Rocky Mountain Section - 64th Annual Meeting (9–11 May 2012)

Paper No. 1
Presentation Time: 8:00 AM-5:30 PM

THE NEW MEXICO BUREAU OF GEOLOGY AND MINERAL RESOURCES GEOLOGIC MAPPING AND AQUIFER MAPPING PROGRAMS: INTEGRATED GEOLOGIC MAPPING AND AQUIFER STUDIES


TIMMONS, J. Michael1, JOHNSON, Peggy1 and TIMMONS, Stacy S.2, (1)New Mexico Bureau of Geology and Mineral Resources, New Mexico Tech, 801 Leroy Place, Socorro, NM 87801, (2)New Mexico Bureau of Geology & Mineral Resources, New Mexico Tech, 801 Leroy Place, Socorro, NM 87801, mtimmons@gis.nmt.edu

Modern digital geologic maps and derivative water resource products are essential for New Mexico’s environmental and economic prosperity. Geologic maps are uniquely suited to solving problems involving Earth resources, hazards, and environments and, perhaps most importantly for the people of New Mexico, such maps help identify and protect aquifers. The Aquifer Mapping Program builds on geologic datasets to better understand groundwater occurrence, recharge, and flow paths.

The primary mission of the bureau’s Geologic Mapping Program is to generate geologic maps that characterize the geology in sufficient detail to allow use of the information in matters of economic and environmental concern to governments, communities, and planners, as well as to satisfy the goals of basic science. Of the 121,598 mi2 of New Mexico, 37% has been mapped at a scale of 1:24,000. Twenty percent of the state has been mapped by the bureau during its 80+ year history. More than half of that mapping has been done in the last 20 years under the STATEMAP Program, a dramatic increase in mapping activity and efficiency. Historically, the most critical area for new geologic mapping has been the populated zone along the Rio Grande watershed from the Colorado border to the Texas border. More recently, the NM STATEMAP Program has expanded our mapping to other areas of interest (Grants area, Pecos watershed, and Tularosa basin). Rapid population growth, shallow alluvial aquifers, large topographic relief, and the alternating scarcity and abundance of precipitation, give rise to a host of hydrologic and engineering problems.

The Aquifer Mapping Program synthesizes map products from the bureau’s Geologic Mapping Program with geophysical, hydrologic, chemical, field, and laboratory analyses to characterize the quantity, quality, and sustainability of groundwater resources.

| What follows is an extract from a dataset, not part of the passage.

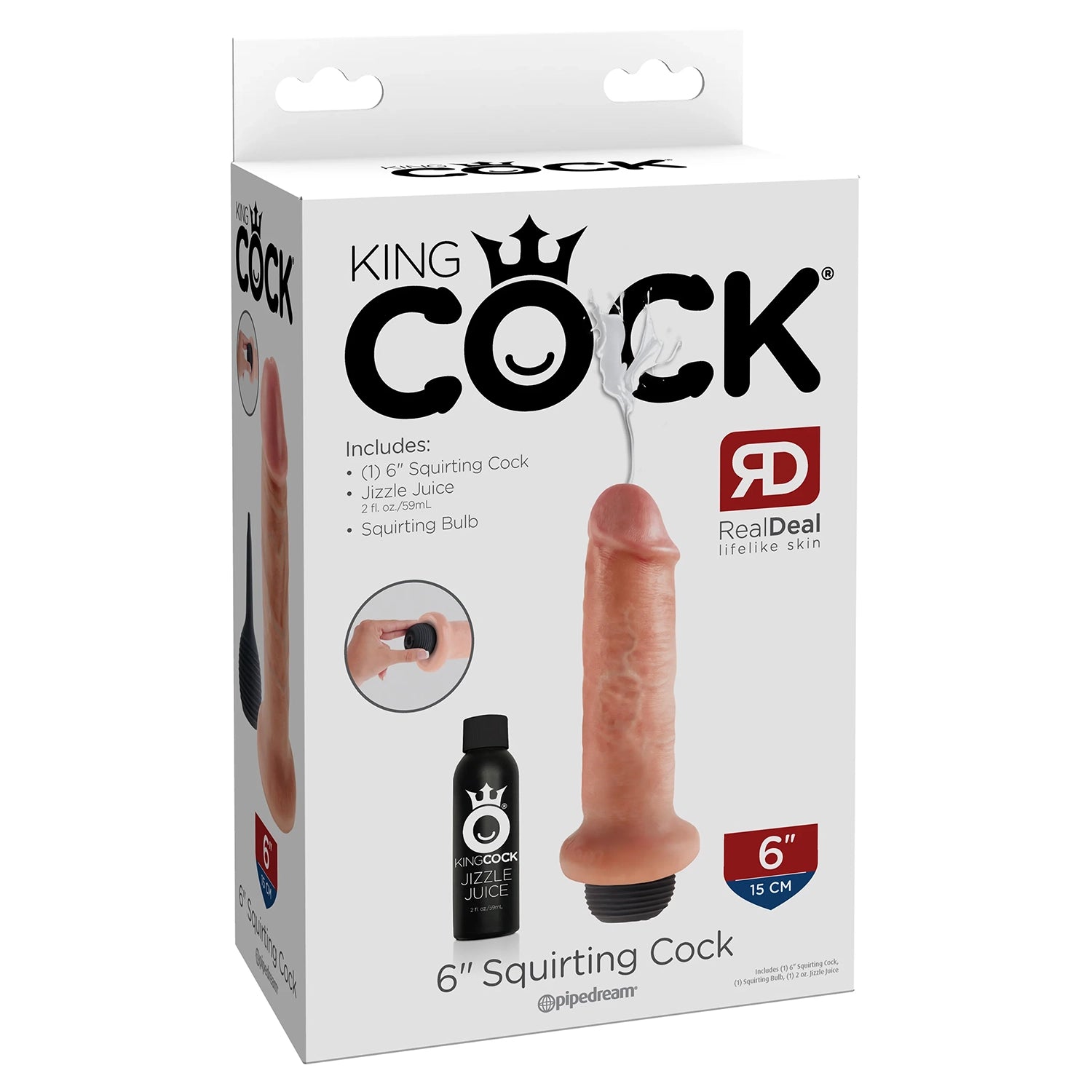 King Cock 6" Squirting Cock Flesh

These data improve our understanding of the geologic framework of aquifers, including their hydrologic characteristics, and how they change over time. Equally important are the levels, origins and pathways of natural contaminants that affect groundwater quality. The publicly accessible hydrogeologic models developed from geologic and aquifer studies provide invaluable information on the distribution, movement, quality, and quantity of our groundwater resources.